A person is riding a bicycle, and its wheels have an angular velocity of +20.0 rad/s Then, the brakes are applied, and the bike is brought to a uniform stop. During braking, the angular displacement of each wheel is +15.92 rev. How much time does it take for the bike to come to rest?
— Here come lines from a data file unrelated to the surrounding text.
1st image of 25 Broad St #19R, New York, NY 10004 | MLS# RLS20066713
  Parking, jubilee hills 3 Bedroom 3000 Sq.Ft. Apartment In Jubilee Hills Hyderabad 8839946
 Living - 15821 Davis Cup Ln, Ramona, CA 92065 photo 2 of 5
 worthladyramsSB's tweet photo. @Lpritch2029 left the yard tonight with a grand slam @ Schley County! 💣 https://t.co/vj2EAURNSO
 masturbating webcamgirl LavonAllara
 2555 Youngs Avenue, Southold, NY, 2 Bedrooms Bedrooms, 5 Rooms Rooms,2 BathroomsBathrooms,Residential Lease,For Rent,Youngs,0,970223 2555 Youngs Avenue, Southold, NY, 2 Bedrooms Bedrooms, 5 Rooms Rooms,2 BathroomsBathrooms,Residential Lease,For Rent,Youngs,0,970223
To solve the problem step by step, we will follow the physics principles related to angular motion. ### Step 1: Identify the given values - Initial angular velocity (\( \omega_i \)) = +20.0 rad/s - Final angular velocity (\( \omega_f \)) = 0 rad/s (since the bike comes to rest) - Angular displacement (\( \theta \)) = +15.92 revolutions ### Step 2: Convert angular displacement from revolutions to radians To convert revolutions to radians, we use the conversion factor \( 2\pi \) radians per revolution: \[ \theta = 15.92 \, \text{rev} \times 2\pi \, \text{rad/rev} = 15.92 \times 2\pi \, \text{rad} \] Calculating this gives: \[ \theta \approx 15.92 \times 6.2832 \approx 100.0 \, \text{rad} \] ### Step 3: Use the angular kinematic equation We can use the following angular kinematic equation: \[ \omega_f^2 = \omega_i^2 + 2\alpha\theta \] Since the bike is coming to rest, \( \omega_f = 0 \): \[ 0 = (20.0)^2 + 2\alpha(100.0) \] This simplifies to: \[ 0 = 400 + 200\alpha \] Rearranging gives: \[ 200\alpha = -400 \implies \alpha = -2.0 \, \text{rad/s}^2 \] The negative sign indicates that it is a deceleration (retardation). ### Step 4: Calculate the time taken to come to rest We can use another angular kinematic equation: \[ \omega_f = \omega_i + \alpha t \] Substituting the known values: \[ 0 = 20.0 + (-2.0)t \] Rearranging gives: \[ 2.0t = 20.0 \implies t = \frac{20.0}{2.0} = 10.0 \, \text{s} \] ### Final Answer The time taken for the bike to come to rest is **10 seconds**. ---